To address this gap, Wasil started offering a Sharia-compliant microfinance package aimed specifically at smallholder farmers.
Wasil is an example of how microfinance and Islamic finance can be successfully combined.
An estimated 650 million Muslims live on less than $2 a day. Examples like Wasil show that Islamic microfinance can play a key role in bringing the poor into the financial mainstream in a way that doesn’t force them to choose between their religious practices and their wallets.
But despite an impressive increase in the number of financial service providers that offer Sharia-compliant microfinance products in Muslim countries, Islamic microfinance is still limited to a few countries. The range of offerings is narrow as well – most are largely focused on the cost-plus-markup product known as murabaha, which is geared toward asset purchases.

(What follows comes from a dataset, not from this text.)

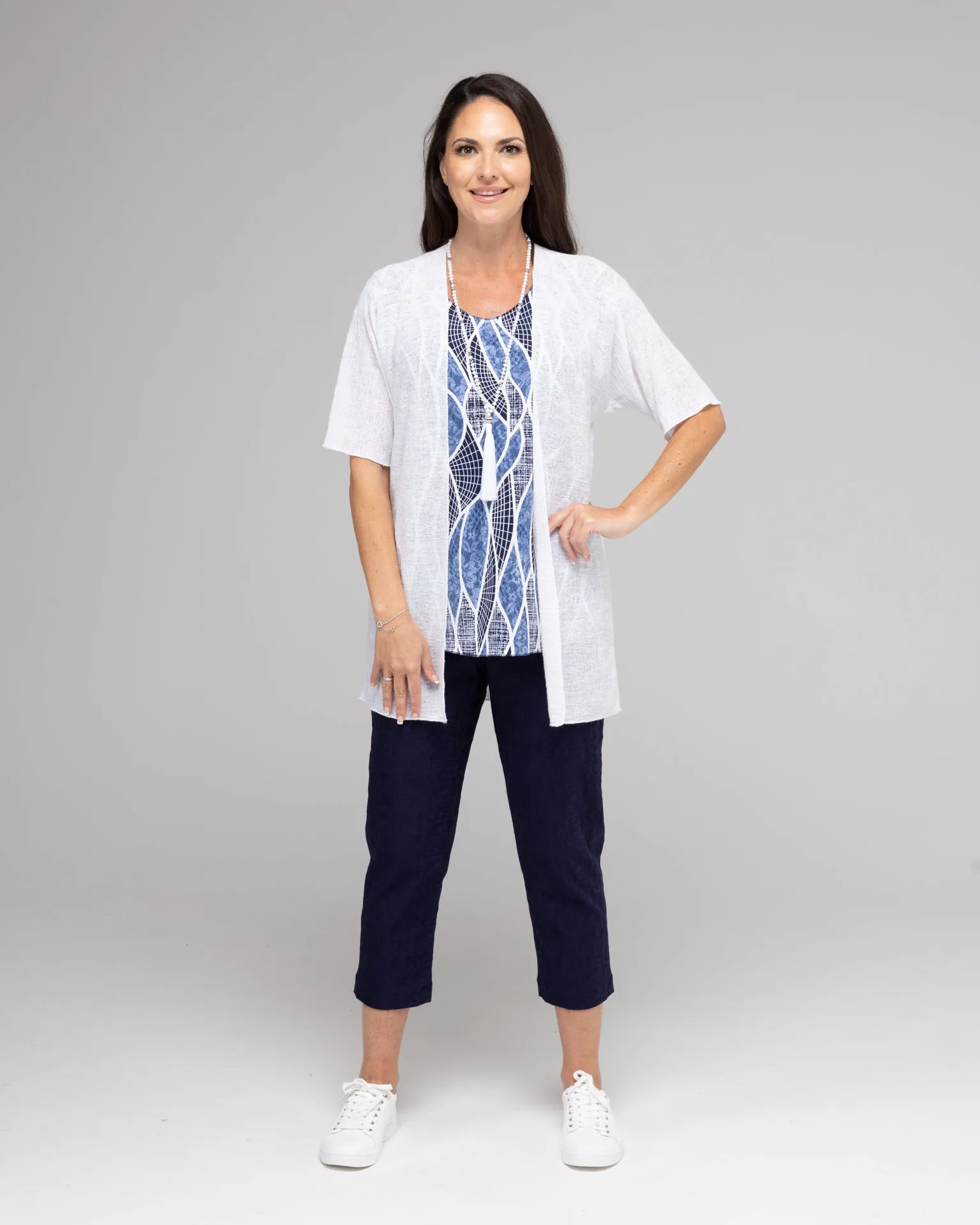 White Poly Rayon Short Sleeve Cardigan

So how can we broaden the range of Islamic microfinance products that serve the needs of poor Muslim clients? In order to help the poor manage their complex financial lives and generate the income they need to rise out of poverty, we need to move beyond murabaha and encourage the development of other Sharia-compliant products and services that assist the poor in building better lives for themselves.
That’s why my organization, the Consultative Group to Assist the Poor (CGAP), partnered with the Islamic Development Bank, Al Baraka Banking Group, and Triple Jump to sponsor the Islamic Microfinance Challenge. The goal of the Challenge was to find new innovative ways to broaden the range of Islamic microfinance products.

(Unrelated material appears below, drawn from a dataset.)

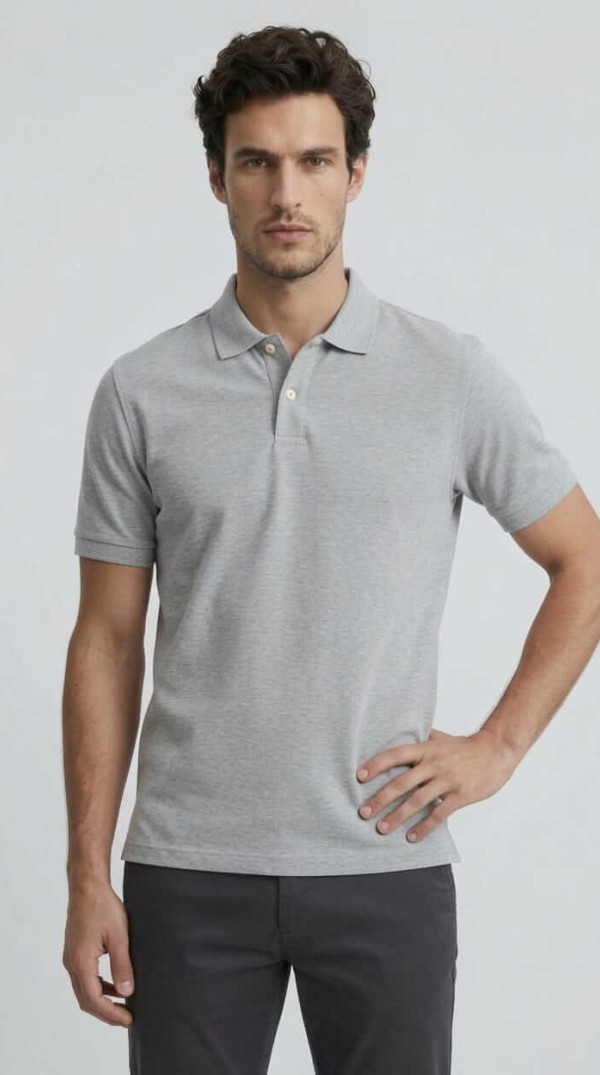Babberg Erkek Gri Melanj Basic Polo Yaka Kısa Kollu Tişört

The basic idea behind the Challenge is to encourage microfinance providers to broaden their range of Islamic microfinance products and, in doing so, find new ways to serve Muslim microfinance clients.
We received entries from microfinance institutions in 11 countries. Judges selected the Wasil Foundation as the winner for its impact on the lives of its clients, the sustainability of the offering and its potential to scale up in Pakistan and in other predominantly Muslim countries. The judges also chose the Bank of Khartoum from Sudan and Kompanion Invest from Kyrgyzstan as finalists.
Examples like these provide a snapshot of the kind of innovation that is needed to ensure that Islamic microfinance products can meet the financial needs of poor Muslim communities.